READI OR NOT: Hancock County region receives less than hoped for from grant program


INDIANAPOLIS – An area focused in Hancock County was awarded only about 10% of the funds it sought from a large state grant program intended to support accelerated regional development.

The Indiana Economic Development Corporation and Gov. Eric Holcomb recently announced the awards in their Regional Economic Acceleration and Development Initiative program, also called READI. The program had a budget of $500 million to support regional development plans, but received requests for triple that amount from 17 regional partnerships across the state that included representation from every county.

The 70-40 Mt. Comfort Corridor Region, located in Hancock County along with part of eastern Indianapolis, requested $48 million and was awarded $5 million. It was the smallest award received by any of the 17 regions that were allocated grant money; it is also the only region to be made up primarily of just one county. The town of McCordsville participated in a separate, larger READI region.

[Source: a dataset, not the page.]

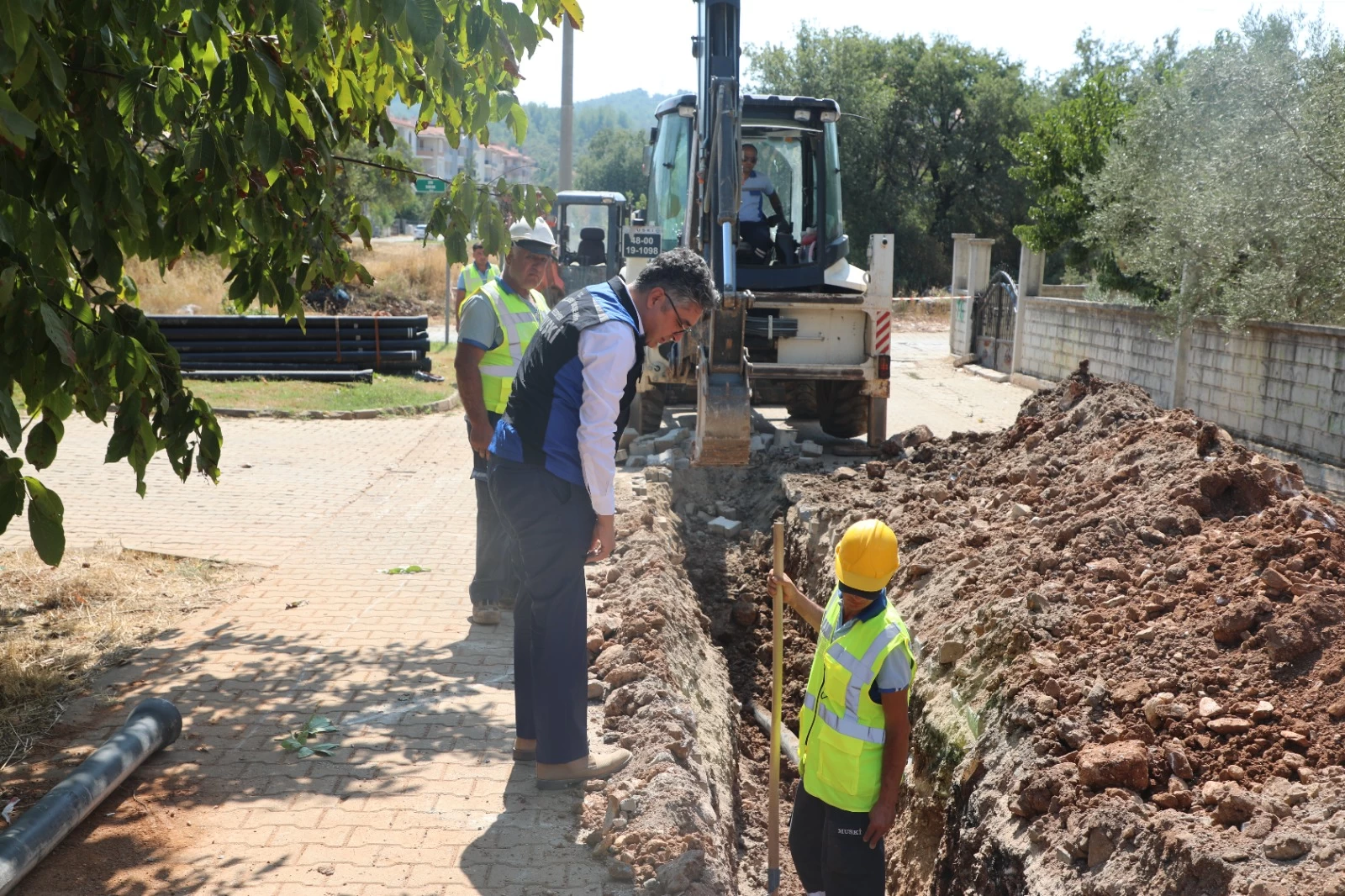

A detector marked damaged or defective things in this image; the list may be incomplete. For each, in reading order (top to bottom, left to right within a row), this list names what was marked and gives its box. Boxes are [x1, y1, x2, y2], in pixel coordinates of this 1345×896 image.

broken concrete chunk [709, 514, 742, 532]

“The amount is certainly less than we had applied for, so I think we’ll have to be really thoughtful about how the dollars are disbursed,” said Hancock County Community Foundation president Mary Gibble, who was part of the board that guided the READI process.

A steering committee made up of government, business and community leaders from Hancock and eastern Marion counties put together proposals for 33 potential projects in the area, all outlined in a document submitted to the READI review board. They included a broad spectrum of potential projects, including ones aimed at post-high school education, affordable housing, road development and attracting businesses.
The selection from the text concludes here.